Pictures with short captions:
===
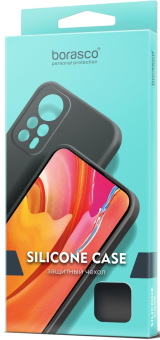 Чехол (клип-кейс) BoraSCO для Infinix Hot 40i/Smart 8/8 Plus/8 Pro Silicone Case 72661 синий от магазина РЭССИ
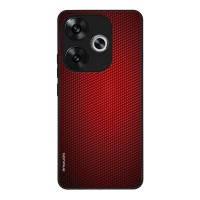 Θήκη Sonique Carbon Series για Xiaomi Poco F6 5G Κόκκινο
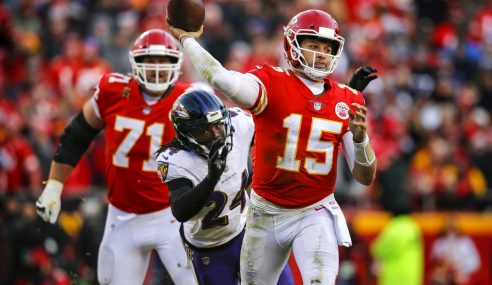 NFL Betting: Indianapolis Colts At Kansas City Chiefs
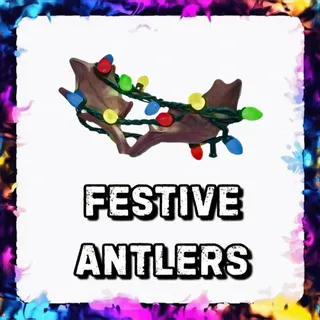 FESTIVE ANTLERS ADOPT ME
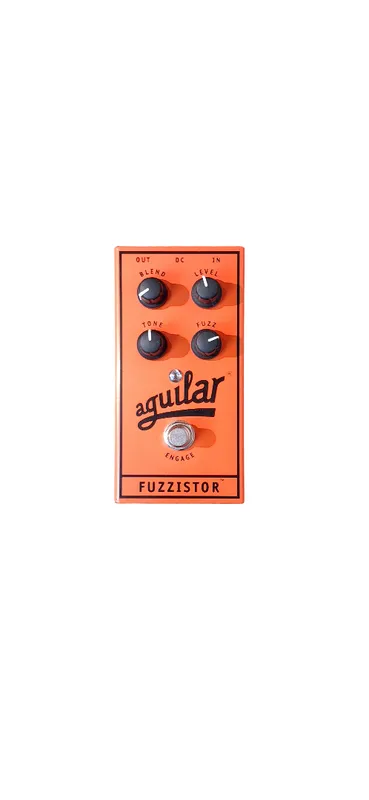 Pedal bajo aguilar fuzzistor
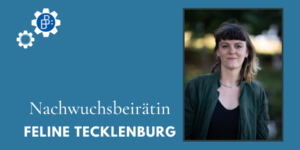 Portraitfoto von Budrich-Autorin Feline Tecklenburg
===
__ACTIVITY__
Exclude the pictures, and output exactly the lines from the one with "NFL Betting: Indianapolis" through the last line of the records, both included.

__RESULT OF THIS TASK__
 NFL Betting: Indianapolis Colts At Kansas City Chiefs
 FESTIVE ANTLERS ADOPT ME
 Pedal bajo aguilar fuzzistor
 Portraitfoto von Budrich-Autorin Feline Tecklenburg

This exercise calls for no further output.